Pesan persaudaraan datang dari dua
Perayaan Ekaristi : Perayaan Ekaristi di Baghdad, dalam Ritus Khaldean, dan
Perayaan Ekaristi di Erbil, kota di mana saya diterima oleh presiden wilayah
dan perdana menterinya, para penguasa - yang kepadanya saya ucapkan banyak
terima kasih karena telah datang untuk menyambut saya - dan saya juga disambut
umat. Harapan Abraham, dan harapan keturunannya, terpenuhi dalam misteri yang
kami rayakan, di dalam Yesus, Putra yang tidak disayangkan oleh Allah Bapa,
tetapi diberikan demi keselamatan semua orang : melalui wafat dan kebangkitan-Nya,
Ia membuka jalan menuju tanah perjanjian, menuju kehidupan baru di mana air
mata dikeringkan, luka disembuhkan, saudara-saudari diperdamaikan.
Saudara-saudari yang terkasih,
marilah kita memuji Allah atas lawatan bersejarah ini dan marilah kita terus
mendoakan negeri itu dan Timur Tengah.
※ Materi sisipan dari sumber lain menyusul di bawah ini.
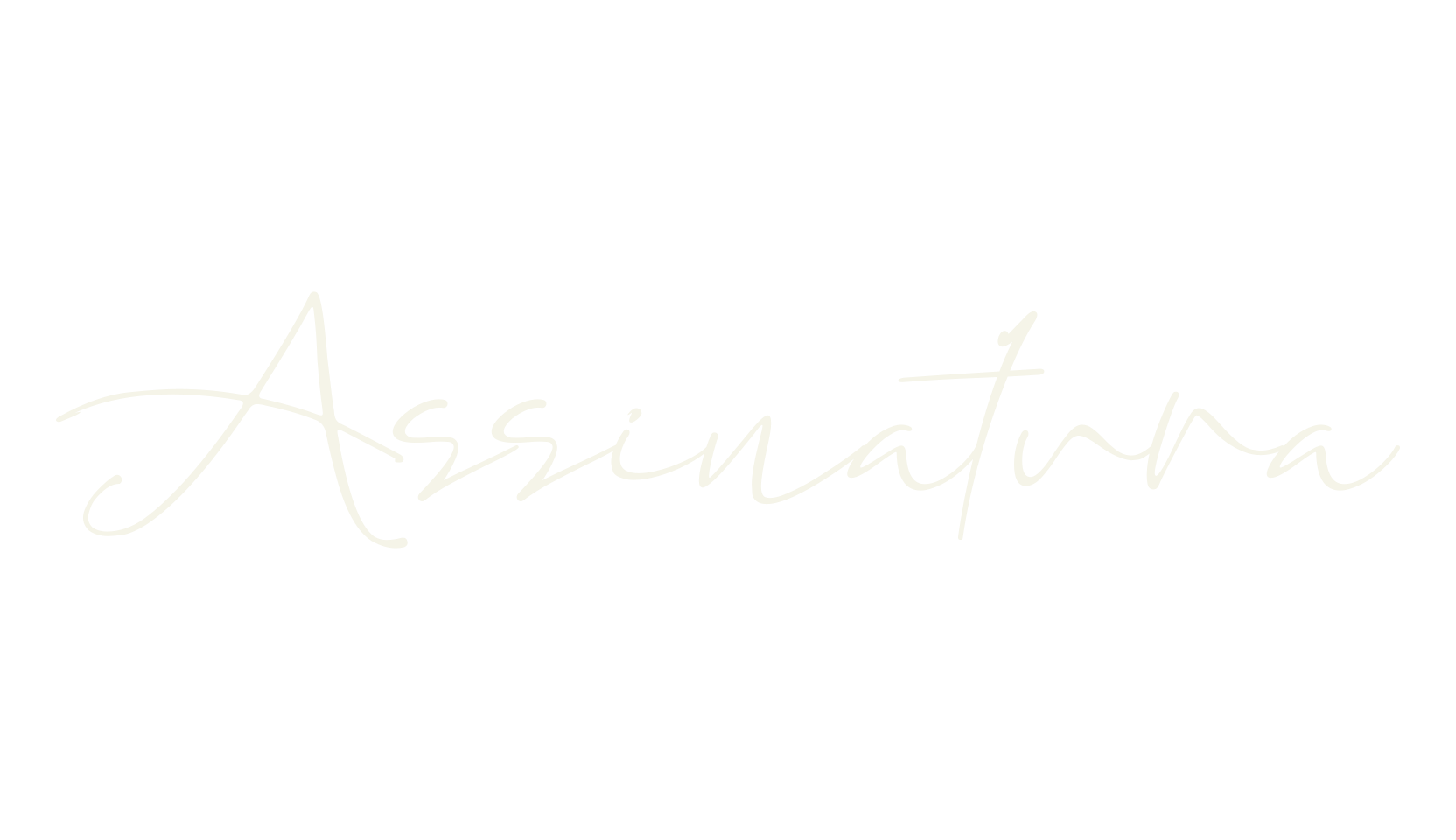Assinatura, signature font preview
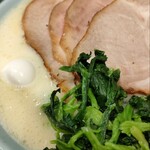 丸花 - ラーメン豚骨塩 肉増し.のり増し 2025 .05.29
Di Irak, meski ada raungan kehancuran
dan senjata, pohon palma, lambang negara dan lambang harapannya, terus tumbuh
dan berbuah. Begitu pula dengan persaudaraan : seperti buah pohon palma, pohon
palma tidak membuat gaduh, tetapi berbuah dan tumbuh. Semoga Allah, yang adalah
Sang Perdamaian, memberikan masa depan persaudaraan kepada Irak, Timur Tengah,
dan seluruh dunia!
[Sambutan Khusus]
Dengan hormat saya menyapa umat yang
berbahasa Inggris. Semoga perjalanan Prapaskah kita membawa kita menuju
sukacita Paskah dengan hati yang dimurnikan dan diperbarui oleh rahmat Roh
Kudus. Atas kalian dan keluarga kalian, saya memohonkan sukacita dan damai
Tuhan kita Yesus Kristus. Tuhan memberkati kalian!
[Ringkasan dalam bahasa Inggris yang
disampaikan oleh seorang penutur]
Saudara dan saudari yang terkasih,
oleh pemeliharaan Allah, pada hari-hari ini saya dapat melakukan lawatan
pertama seorang Paus ke tanah Abraham. Saya berterima kasih kepada mereka yang
memungkinkan perjalanan apostolik saya ke Irak : Presiden dan Pemerintah
Republik Irak, para patriark, para uskup dan umat berbagai Gereja, dan para
pemimpin agama Irak. Saya sangat berterima kasih kepada Ayatollah Agung
Al-Sistani atas pertemuan kami yang ramah di Najaf.
Lawatan saya dimaksudkan sebagai peziarahan penyesalan, untuk menunjukkan kedekatan dan kesetiakawanan saya dengan Gereja para martir di negeri yang telah sangat menderita akibat kekerasan, terorisme dan peperangan, serta menyaksikan penurunan yang signifikan jumlah umat Kristiani. Pada pertemuan saya dengan para pemuka agama di Ur, kami mendoakan tumbuhnya persaudaraan dan kerjasama antarumat beriman. Di sana, di tempat Abraham menerima panggilan Allah, dua pemuda Irak - satu Kristiani, satu Muslim - memberikan kesaksian yang menyentuh tentang persahabatan yang mampu menghargai perbedaan seraya tetap berlandaskan kasih kepada Allah dan sesama. Di Katedral Siro-Katolik, Baghdad, di mana empat puluh delapan orang dibunuh pada tahun 2010, dalam pertemuan di Mosul dan Qaraqosh di tengah reruntuhan gereja dan mesjid, dan dalam perayaan Ekaristi di Baghdad dan Erbil, kami merefleksikan panggilan kami sebagai umat Kristiani untuk menjadi saksi-saksi pengampunan, pendamaian dan perdamaian yang diajarkan Kristus. Marilah kita berdoa agar hari-hari ini berkontribusi pada perjalanan yang berkelanjutan menuju persaudaraan dan perdamaian di Irak, Timur Tengah, dan seluruh dunia.